U.S. congressmen recently grilled Richard Cordray, the director of the Consumer Financial Protection Bureau, about the federal watchdog agency’s compliance with regulations intended to safeguard Main Street businesses.
House Republicans charged that the CFPB could hinder the recovery of a fragile U.S. economy, adding that the compliance costs associated with CFPB rules may discourage small businesses from focusing on job creation. CFPB opponents also told Cordray that the agency’s economic assessment of its impact on the economy is inaccurate.
“There appears to be holes in the agency’s assessment of the economic impact on small businesses and very little discussion of how the alternatives may reduce economic burdens,” Sam Graves (R-Mo.), the chairman of the House Small Business Committee, said, according to The Washington Times.
Congress pushed the agency to create small business review panels to consider input from those businesses affected by the agency’s new regulations.
“Small businesses are a critical growth engine for the economy and an essential source of financial services for many consumers,” Cordray said, The Washington Times reports. “For this reason the CFPB believes that it is very important to understand the impacts of its actions on small business.”
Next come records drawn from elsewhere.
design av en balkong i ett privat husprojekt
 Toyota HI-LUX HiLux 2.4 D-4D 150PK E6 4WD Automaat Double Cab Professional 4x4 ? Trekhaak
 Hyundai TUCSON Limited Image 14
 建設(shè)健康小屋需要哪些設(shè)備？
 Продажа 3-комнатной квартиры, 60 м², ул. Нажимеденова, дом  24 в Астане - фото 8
Rep. Scott R. Tipton (R-Colo.) questioned the compliance burden associated with hundreds of pages of regulation. Cordray said, however, that many of the regulations were accompanied by guidance suggestions at the request of businesses on the review panels.
“It’s counterintuitive for me,” Cordray said, according to The Washington Times. “I prefer to have short simple rules. But these are complicated matters. They asked for more specificity, more detail, which ultimately means more pages. If they can have more specificity and clarity upfront, then there will be less to argue about afterwards, less litigation and also more certainty for them on how to proceed.”